In this machine learning journey, I explored regression to predict home prices, moving beyond a binary classification whether a home is expensive or not. The focus shifted to evaluating the model's ability to approximate actual home values. I experimented with different models, hyperparameter tuning, feature selection, and preprocessing techniques to enhance predictive accuracy.
- Baseline Model: Implemented a DecisionTreeRegressor with RandomSearch hyperparameter tuning as a baseline, achieving an initial R2 of 0.79.
- Troubleshooting: Explored options for improvement, including revisiting preprocessing choices and experimenting with more robust scalers, imputers, and models.
- Feature Importances: Utilized LazyPredict to identify top-performing models and aggregated their feature importances. Explored the impact of removing features with less than 1% predictive power.

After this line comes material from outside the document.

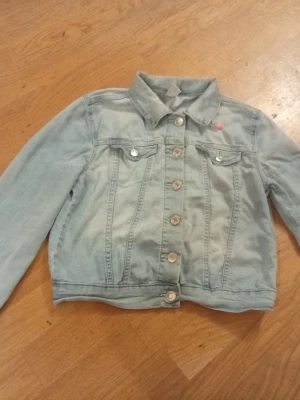 Ljusblå jeansjacka från &Denim - Säljer en ljusblå jeansjacka från &Denim i storlek 140. Jackan har klassisk krage, silverfärgade knappar och två bröstfickor. På ryggen finns handmålade detaljer med regnbåge, sol, blommor och fjärilar som gör den unik och personlig.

- Data Exploration: Analyzed missing values, data types, scale, skewness, and correlation of features. Explored the significance of remaining features.

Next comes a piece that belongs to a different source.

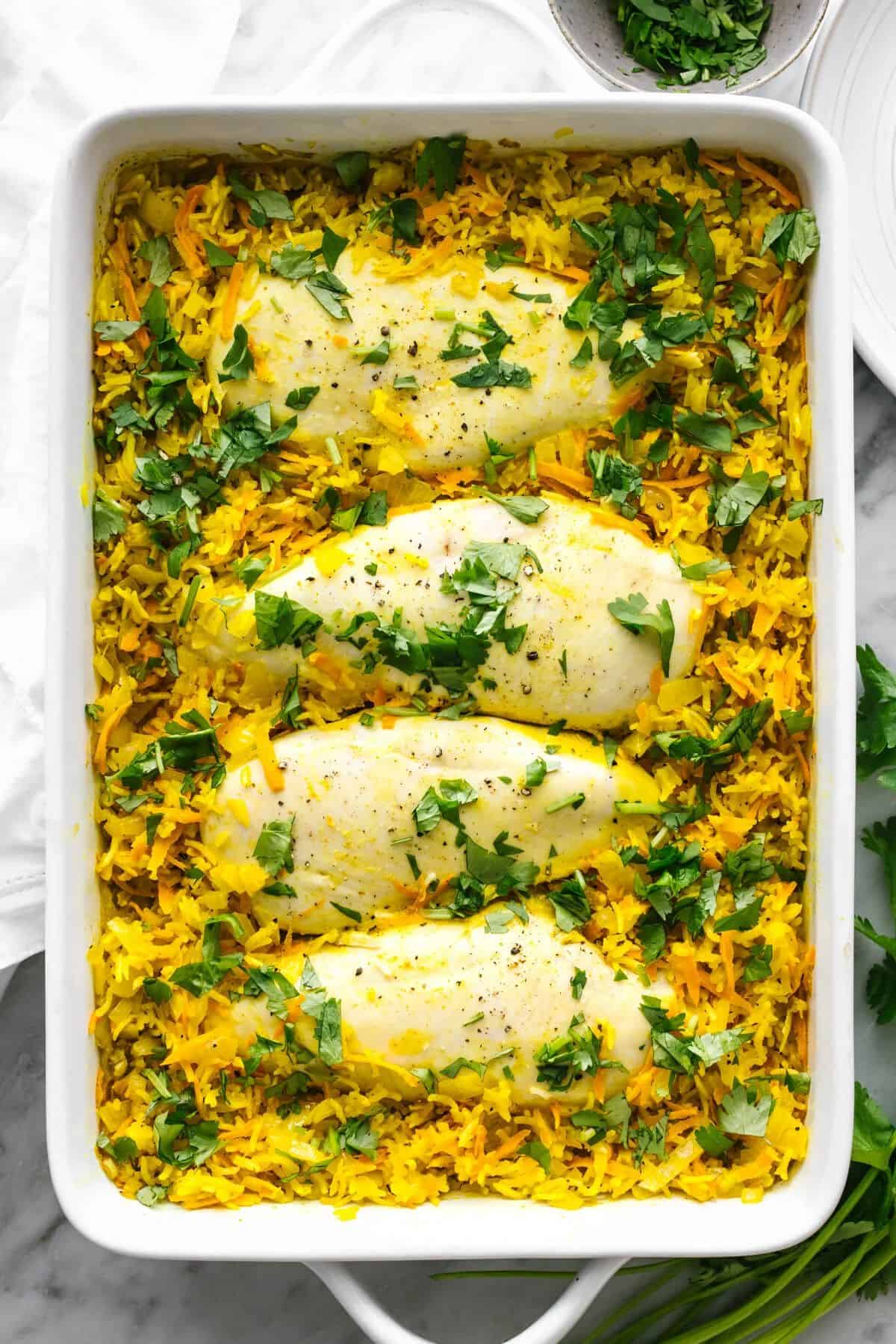 Chicken and Turmeric Rice in a white casserole.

- Transforming, Scaling, and Imputing: Implemented a LogTransformer, MinMaxScaler, and KNN imputer to enhance the model's ability to handle diverse numerical features.
- Final Model: Employed a VotingRegressor on the top predictive features identified by the ensemble of models, achieving a final R2 of close to 0.95.
The project includes a Google Colab notebook containing the code for the regression analysis here. The findings and methodology are further explained in a detailed Medium article here.
- Regression modeling
- Hyperparameter tuning
- Feature Engineering
- Data Exploration
- Preprocessing
- Python
- scikit-learn
- XGBoost
- LightGBM
- LazyPredict
To enhance the model's performance:
- Feature Engineering: Continue exploring feature engineering techniques to create new meaningful features.
- Ensemble Techniques: Experiment with different ensemble models or stacking approaches to leverage the strengths of multiple models.
- Advanced Hyperparameter Tuning: Explore more advanced hyperparameter tuning techniques to fine-tune model parameters for better performance.
- External Data: Consider incorporating external datasets to provide additional information and improve predictive accuracy.
By focusing on these areas, the model's R2 score and RMSE could potentially be further improved, providing more accurate predictions of home prices.